* _TASK DIRECTIONS_: Word for word, repeat the data; no picture should appear in the result.

[Stored data entries]

····················

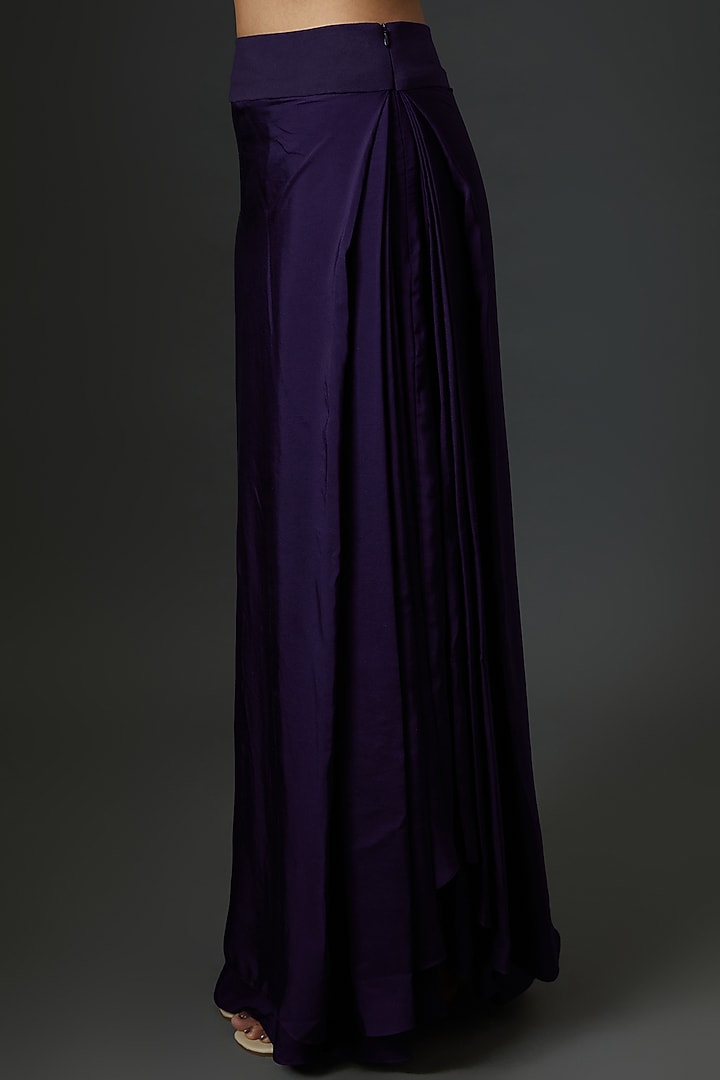 Purple Silk Embroidered Cape Set by Jayanti Reddy at Pernia's Pop Up Shop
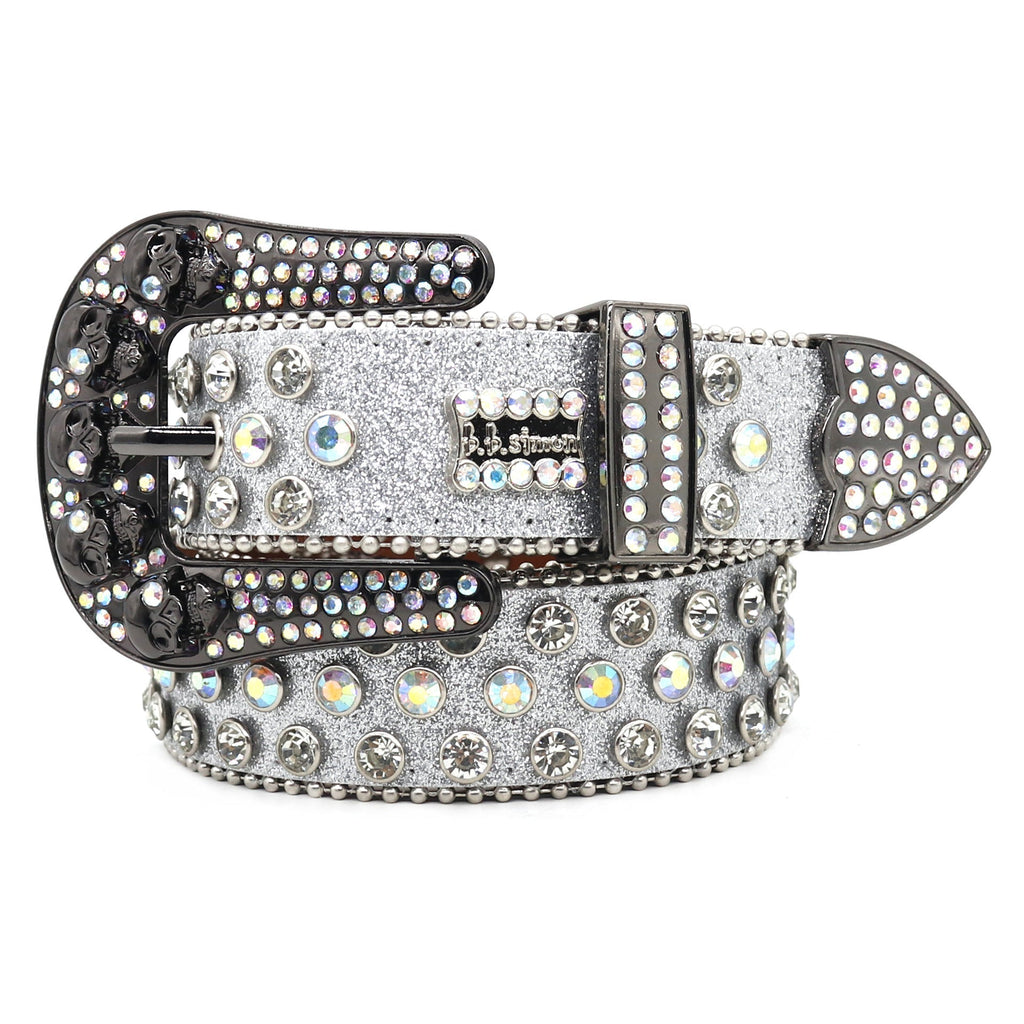 Hip-hop punk rhinestone belt skull y2k punk wide belt
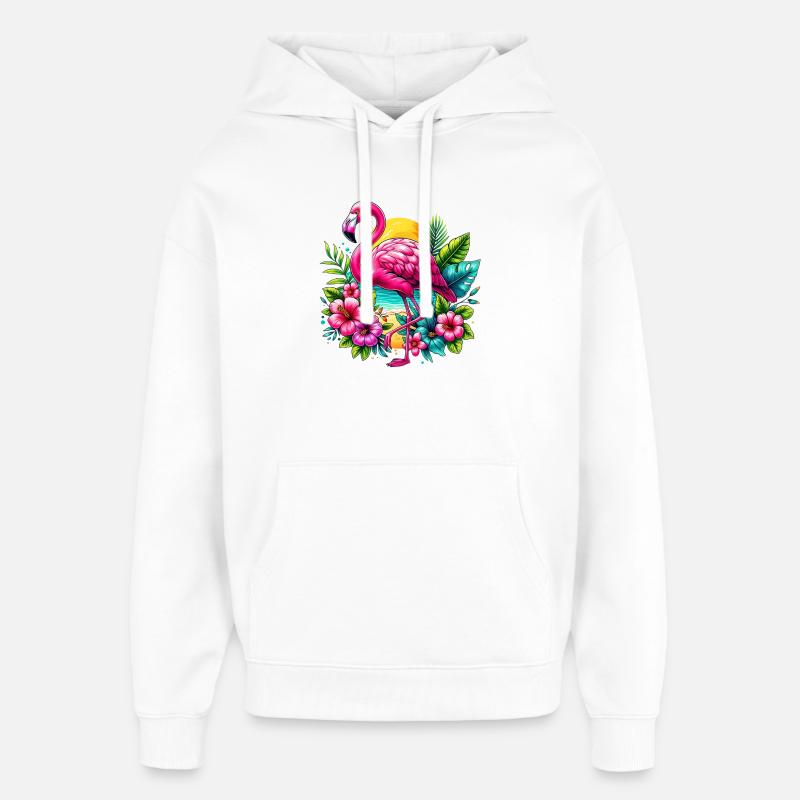 Flamant - Sweat à capuche unisexe Stanley/Stella Oversized - blanc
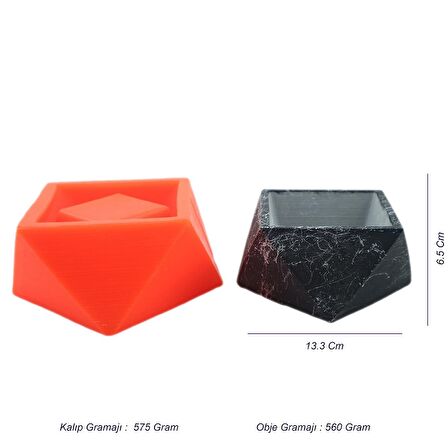 Prizma Beton Saksı Silikon Kalıp - 115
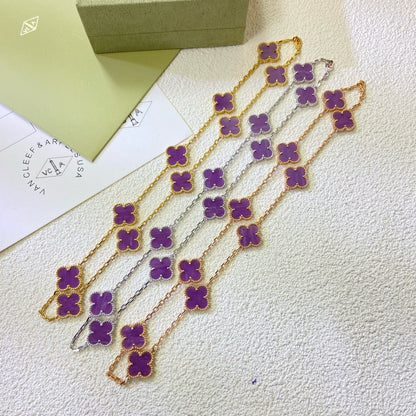 [Leaves]CLOVER 10 MOTIFS  PURPLE VIOLET  NECKLACE
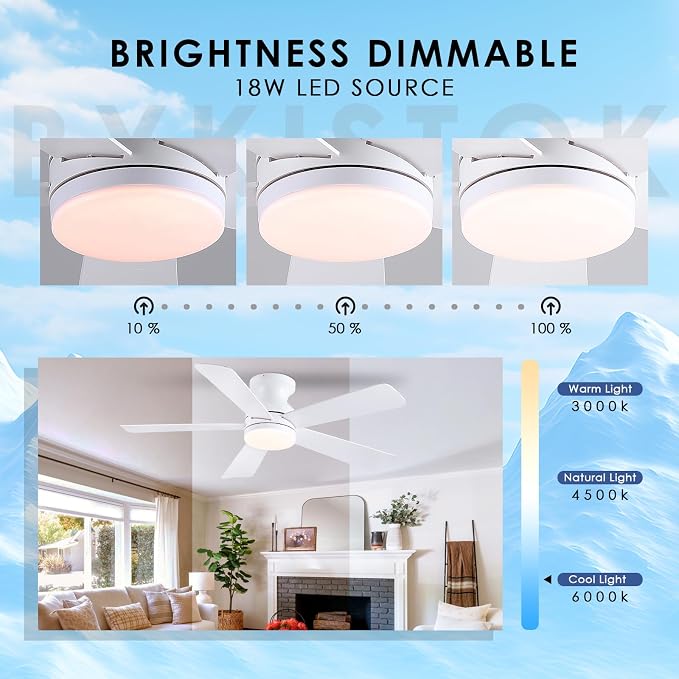 46 inch Ceiling Fans with Lights, White Flush Mount Ceiling Fan with Remote, 3CCT, LED Dimmable, Reversible, 6 Fan Speeds, Quite Low Profile Ceiling Fan with Lights Modern Bedroom Kitchen Indoor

····················

* _RESPONSE AREA_:
 Purple Silk Embroidered Cape Set by Jayanti Reddy at Pernia's Pop Up Shop
 Hip-hop punk rhinestone belt skull y2k punk wide belt
 Flamant - Sweat à capuche unisexe Stanley/Stella Oversized - blanc
 Prizma Beton Saksı Silikon Kalıp - 115
 [Leaves]CLOVER 10 MOTIFS  PURPLE VIOLET  NECKLACE
 46 inch Ceiling Fans with Lights, White Flush Mount Ceiling Fan with Remote, 3CCT, LED Dimmable, Reversible, 6 Fan Speeds, Quite Low Profile Ceiling Fan with Lights Modern Bedroom Kitchen Indoor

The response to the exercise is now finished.